Ao longo do tempo, especialmente a partir das Convenções da OCDE em 1997 até por volta de 2013, ou seja, por quase duas décadas, experimentamos algumas evoluções, apesar de jamais termos tido a oportunidade de implantar concretamente uma política pública anticorrupção.
Entretanto, em 2014, quando a operação Lava Jato começa a atingir detentores de expressivas parcelas de poder político e econômico, inclusive mobilizando-se nacionalmente para colher assinaturas nas chamadas “Dez Medidas contra a Corrupção”, inicia-se um profundo processo de reação por parte do corpo político, semelhante àquele ocorrido na Itália das Mãos Limpas.
As “Dez Medidas contra a Corrupção”, que tiveram mais de 2,5 milhões de assinaturas, foram rechaçadas. Assim, iniciou-se um verdadeiro processo de contra-ataque político, que resultou no grave enfraquecimento do sistema legal protetivo do patrimônio público. Aviltou-se a lei de improbidade administrativa por meio da lei 14.230 de 2021, com o requinte de ser o projeto aprovado com urgência de votação admitida em 8 minutos e sem sequer a realização de uma mísera audiência pública na Câmara.
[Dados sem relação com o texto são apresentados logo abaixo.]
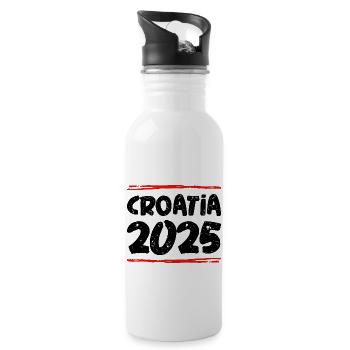 Croatia 2025 Spruch - Trinkflasche mit integriertem Trinkhalm - Weiß - Rechts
A Lei de Abuso de Autoridade foi reformulada para serem introduzidos tipos penais nitidamente dirigidos a magistrados, integrantes do Ministério Público e delegados de polícia, visando ao enfraquecimento do combate à corrupção pelo método da intimidação. Não há qualquer previsão de punição a abuso de autoridade de políticos.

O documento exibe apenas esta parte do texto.